Web page caption snippets:
···

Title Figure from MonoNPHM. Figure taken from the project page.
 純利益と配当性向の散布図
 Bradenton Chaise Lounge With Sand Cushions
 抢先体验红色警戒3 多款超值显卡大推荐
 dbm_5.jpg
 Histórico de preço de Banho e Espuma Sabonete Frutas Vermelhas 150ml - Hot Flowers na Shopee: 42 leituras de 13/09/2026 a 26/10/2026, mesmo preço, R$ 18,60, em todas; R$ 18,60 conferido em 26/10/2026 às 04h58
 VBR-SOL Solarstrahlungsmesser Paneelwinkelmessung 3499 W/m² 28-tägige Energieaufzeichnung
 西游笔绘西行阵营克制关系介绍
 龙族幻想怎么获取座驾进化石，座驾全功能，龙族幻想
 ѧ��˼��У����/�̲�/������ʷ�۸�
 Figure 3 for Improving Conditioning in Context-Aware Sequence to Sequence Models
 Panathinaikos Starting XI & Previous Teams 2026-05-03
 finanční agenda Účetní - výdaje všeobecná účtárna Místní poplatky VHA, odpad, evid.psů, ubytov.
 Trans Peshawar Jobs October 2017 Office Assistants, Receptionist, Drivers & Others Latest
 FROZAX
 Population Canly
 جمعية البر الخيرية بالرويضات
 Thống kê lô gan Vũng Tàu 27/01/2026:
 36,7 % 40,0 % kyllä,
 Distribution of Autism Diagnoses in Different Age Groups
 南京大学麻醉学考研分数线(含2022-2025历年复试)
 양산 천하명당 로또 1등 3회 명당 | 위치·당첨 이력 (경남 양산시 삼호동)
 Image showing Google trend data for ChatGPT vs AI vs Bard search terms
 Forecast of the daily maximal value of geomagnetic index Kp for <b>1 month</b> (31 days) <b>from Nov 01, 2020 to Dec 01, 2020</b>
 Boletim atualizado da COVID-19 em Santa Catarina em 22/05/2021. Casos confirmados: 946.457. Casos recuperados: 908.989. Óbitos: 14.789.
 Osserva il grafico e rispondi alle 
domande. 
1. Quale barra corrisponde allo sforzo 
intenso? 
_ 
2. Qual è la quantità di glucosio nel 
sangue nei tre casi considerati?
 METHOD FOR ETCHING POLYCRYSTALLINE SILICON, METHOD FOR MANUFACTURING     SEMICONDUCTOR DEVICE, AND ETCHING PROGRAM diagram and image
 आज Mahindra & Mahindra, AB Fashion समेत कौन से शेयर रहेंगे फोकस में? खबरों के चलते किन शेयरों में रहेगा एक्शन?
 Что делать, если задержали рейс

···

YOUR GOAL: Every line from the one that contains "純利益と配当性向の散布図" down to and including the last line of the records above must be set down exactly, with nothing else.

OUTPUT OF THE TASK:
 純利益と配当性向の散布図
 Bradenton Chaise Lounge With Sand Cushions
 抢先体验红色警戒3 多款超值显卡大推荐
 dbm_5.jpg
 Histórico de preço de Banho e Espuma Sabonete Frutas Vermelhas 150ml - Hot Flowers na Shopee: 42 leituras de 13/09/2026 a 26/10/2026, mesmo preço, R$ 18,60, em todas; R$ 18,60 conferido em 26/10/2026 às 04h58
 VBR-SOL Solarstrahlungsmesser Paneelwinkelmessung 3499 W/m² 28-tägige Energieaufzeichnung
 西游笔绘西行阵营克制关系介绍
 龙族幻想怎么获取座驾进化石，座驾全功能，龙族幻想
 ѧ��˼��У����/�̲�/������ʷ�۸�
 Figure 3 for Improving Conditioning in Context-Aware Sequence to Sequence Models
 Panathinaikos Starting XI & Previous Teams 2026-05-03
 finanční agenda Účetní - výdaje všeobecná účtárna Místní poplatky VHA, odpad, evid.psů, ubytov.
 Trans Peshawar Jobs October 2017 Office Assistants, Receptionist, Drivers & Others Latest
 FROZAX
 Population Canly
 جمعية البر الخيرية بالرويضات
 Thống kê lô gan Vũng Tàu 27/01/2026:
 36,7 % 40,0 % kyllä,
 Distribution of Autism Diagnoses in Different Age Groups
 南京大学麻醉学考研分数线(含2022-2025历年复试)
 양산 천하명당 로또 1등 3회 명당 | 위치·당첨 이력 (경남 양산시 삼호동)
 Image showing Google trend data for ChatGPT vs AI vs Bard search terms
 Forecast of the daily maximal value of geomagnetic index Kp for <b>1 month</b> (31 days) <b>from Nov 01, 2020 to Dec 01, 2020</b>
 Boletim atualizado da COVID-19 em Santa Catarina em 22/05/2021. Casos confirmados: 946.457. Casos recuperados: 908.989. Óbitos: 14.789.
 Osserva il grafico e rispondi alle 
domande. 
1. Quale barra corrisponde allo sforzo 
intenso? 
_ 
2. Qual è la quantità di glucosio nel 
sangue nei tre casi considerati?
 METHOD FOR ETCHING POLYCRYSTALLINE SILICON, METHOD FOR MANUFACTURING     SEMICONDUCTOR DEVICE, AND ETCHING PROGRAM diagram and image
 आज Mahindra & Mahindra, AB Fashion समेत कौन से शेयर रहेंगे फोकस में? खबरों के चलते किन शेयरों में रहेगा एक्शन?
 Что делать, если задержали рейс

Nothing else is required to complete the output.